If anything, Steam and MW2 can be moved, and would free up 15GB.  

Any ideas to help get my current HD usage down to 0GB would be appreciated.


----------



## t_ski (Jan 5, 2010)

Tough to do no doubt.  The OCZ Summit series drives I have perform nearly on par with that Corsair drive, but I found this deal:

http://www.amazon.com/dp/B0029EV5B8/?tag=tec06d-20

60GB drive (used) for $158.99 + $4.99 shipping.


----------



## DrunkenMafia (Jan 5, 2010)

No, it won't work.  I tried it with vista on a 30gb vertex.  Vista alone was 23gb.  I have 64bit 7 now and it takes up ~14gb.

I have 7, office, and a few other apps installed taking up 24gb.  I have all my pic/vid/doc libraries on another disk.

I found it a pain in the ass to try and keep 3gb free on my old 30gb drive.  I would save your pennies and go for something larger.  60gb is great and plenty big enough. 

Be warned though:  Once you go SSD you cannot go back, spinning drives are just WAAAAY to slow.


----------



## erocker (Jan 5, 2010)

It's too much of a P.I.T.A. to bother. You are much better off saving up a little more for a 60+ gb drive.


----------



## lemonadesoda (Jan 5, 2010)

Dont bother with a 32GB SSD for a "workstation" type use.  You need 64GB for your OS and applications.

However, 64GB is probably enough for most people. Put ALL your data on a D: partition, and all your games on a G: partition.  D: and G: are obviously on a second HDD.

Also take a look at the new player in the market _SandForce_


----------



## InnocentCriminal (Jan 5, 2010)

lemonadesoda said:


> Also take a look at the new player in the market _SandForce_



Read this the other week. Makes me want an SSD, that hadn't happened until now (well, when I read that article).


----------



## 3870x2 (Jan 5, 2010)

You have to think of all sorts of other things.  This is not possible, even with a bare-bones 7 installation.  Reasons:

Page file
Documents and settings files
Steam files cannot be moved unless steam is moved to another drive altogether
Temporary files very easily eat up free space
etc...

It is not a very good idea.


----------



## InnocentCriminal (Jan 5, 2010)

Argh! Just read this (marketing guff?).


----------



## lemonadesoda (Jan 5, 2010)

Hot potatoes...


----------



## dna1x (Jan 5, 2010)

For the money, an x4 965 seems much more appealing now.


----------



## KieX (Jan 5, 2010)

32GB is useless for today's use really.

I'm on a 64GB ssd with no pagefile, hibernation, backup or other big windows drive hogs but a good 15GB is gone to the OS. Then about 15GB is quickly taken up by software (even if it is mostly tiny freeware/open-source). You're left with about 30GB to share between games afterwards (which normally means 2 new titles at a time only).
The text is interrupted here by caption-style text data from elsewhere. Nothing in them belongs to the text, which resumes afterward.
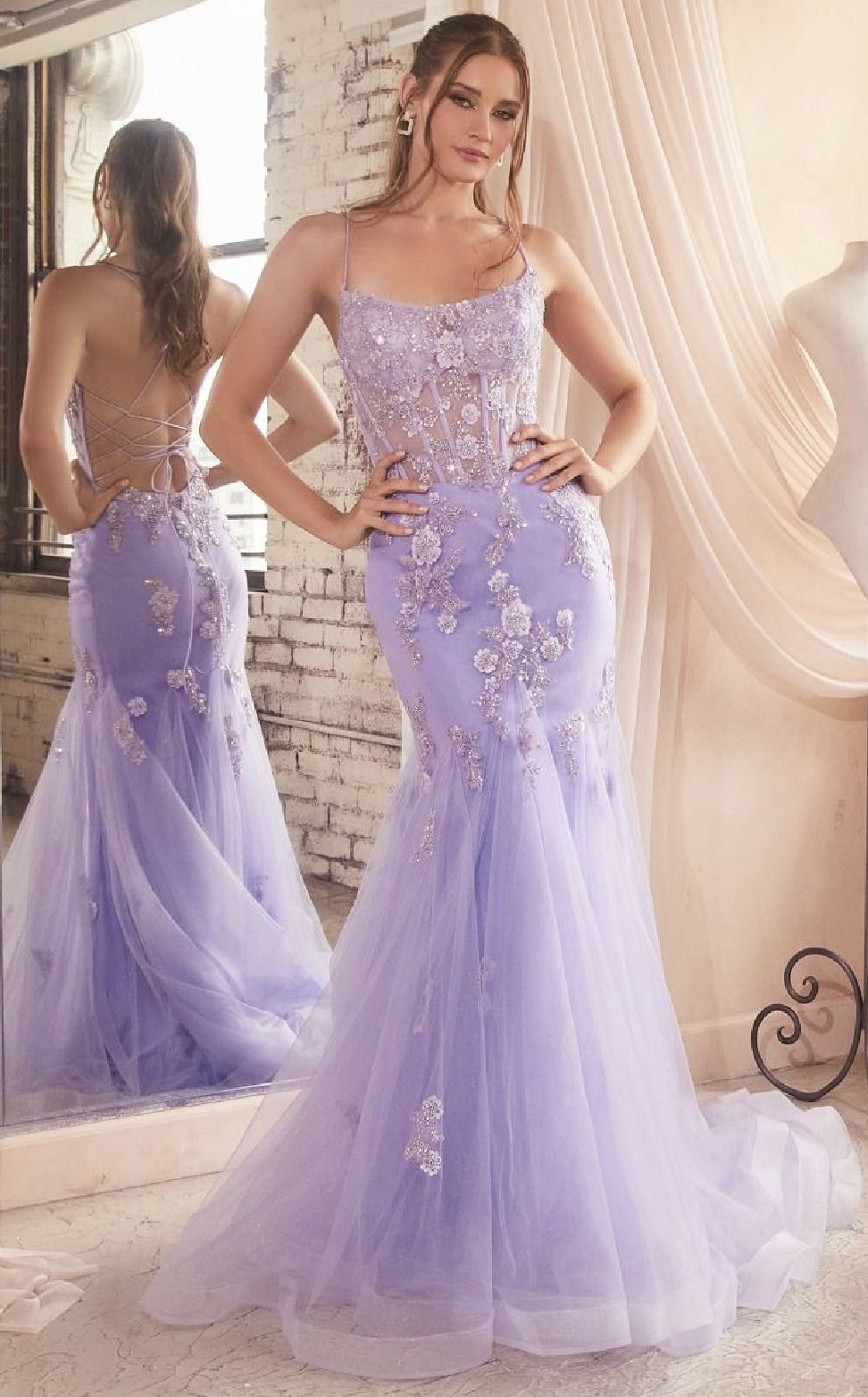 New With Tags Lilac Corset Bodice Long Formal Dress & Prom Dress $255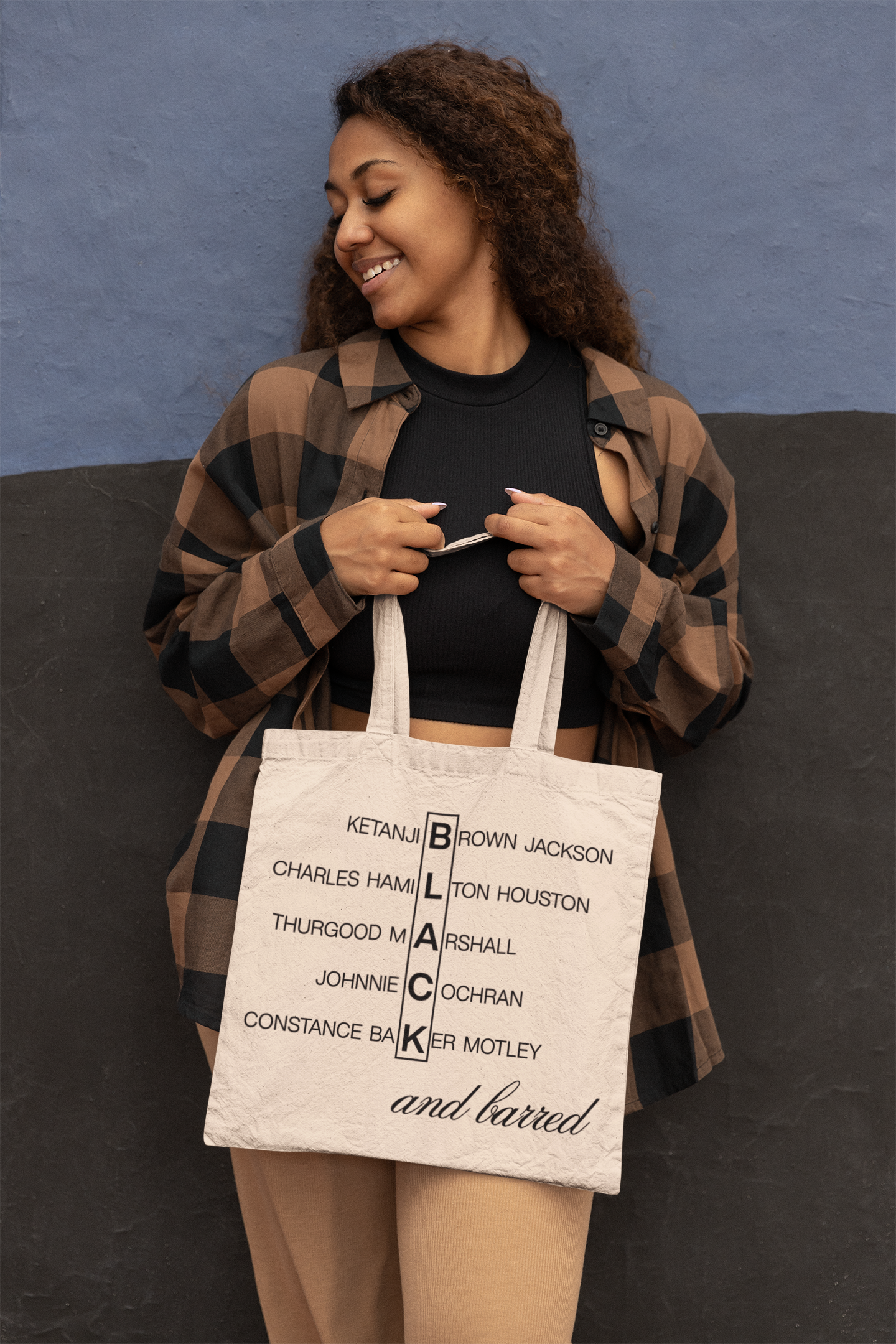 BLACK AND BARRED TOTE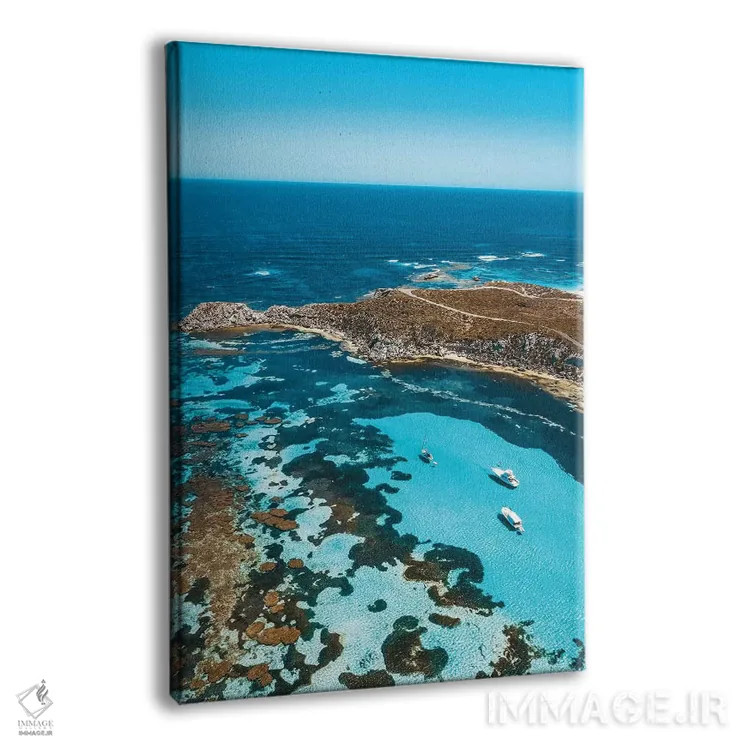 تابلو دکوراتیو خلیج فیروزه ای در جزیره راتنست اثر جیمز وودیکا - نمای پرسپکتیو محصول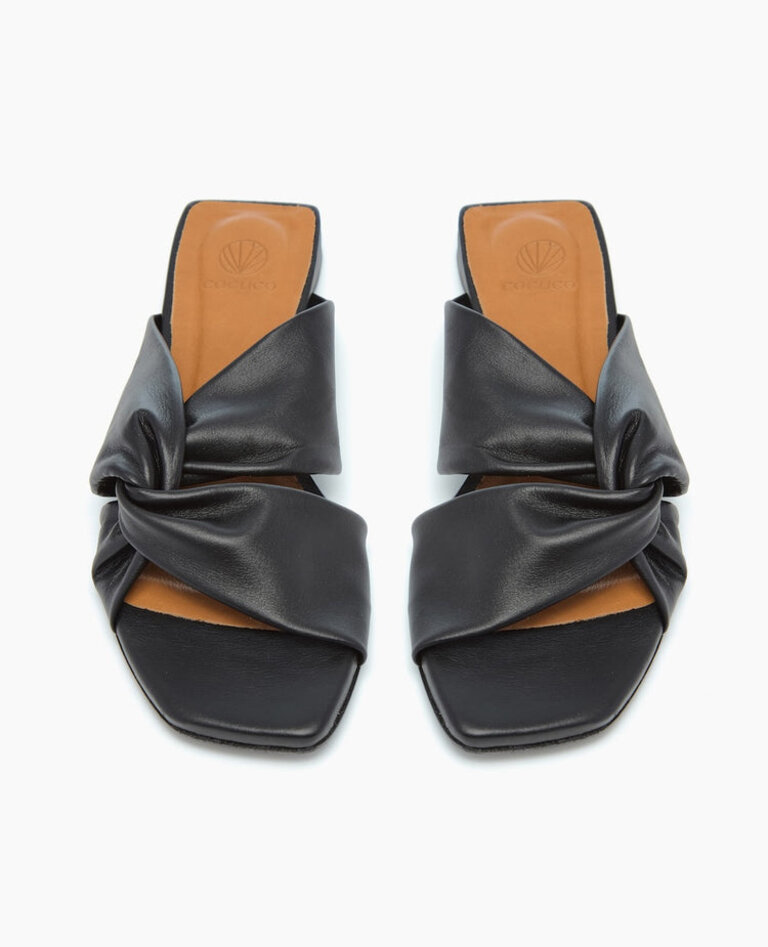COCLICO FISK SLIDE IN BLACK LEATHER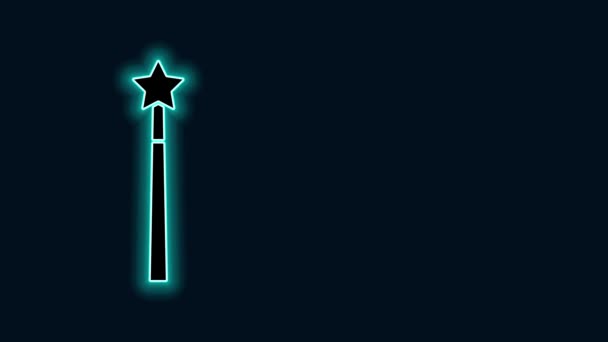 Glödande neon linje Magisk trollstav ikon isolerad på svart bakgrund. Stjärnformade magiska tillbehör. Magisk kraft. 4K Video motion grafisk animation — Stockvideo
64GB really is about the minimum you should look for.


----------



## HalfAHertz (Jan 5, 2010)

If you're buying new I'd go for this: http://www.newegg.com/Product/Product.aspx?Item=N82E16820167025

And I think it's quite possible to fit into a ~32gb budget with a little effort. My win 7 32bit+Autocad+IBM Lotus package+Revit+Gimp+Inkscape+a ton of other stuff is ~20GB


----------



## t_ski (Jan 7, 2010)

not sure if you are still looking at this, but today's deal at Newegg is a slower 32GB SSD for $64.99:

http://www.newegg.com/Product/Product.aspx?Item=N82E16820322012

You could grab 2 or 3 and have a speedy and responsive raid array.


----------



## BababooeyHTJ (Jan 17, 2010)

I picked up a 32GB Vertex on Black Friday and my Windows 7 install with a few apps (probably a couple of GB or so worth) is sitting at 11.4GB right now. 32GB is more than enough for a boot drive. Just move your page file off of the SSD, disable system restore, and disable hibernation and you should be fine. There is also no real need to have MW2 on an SSD (especilly the whole Steam folder), it wont see any real benefit. My Steam folder is 172GB right now. There are very few games that I would want on an SSD and Oblivion is one of them but that is like a 30GB folder.

I generally like to keep my apps off of the OS drive anyways.


----------



## exodusprime1337 (Jan 17, 2010)

i fit my windows 7 pro onto a 64gig ssd, it only takes 10Gigs after i moved the pagefile and did all the reg ssd tweaks.


----------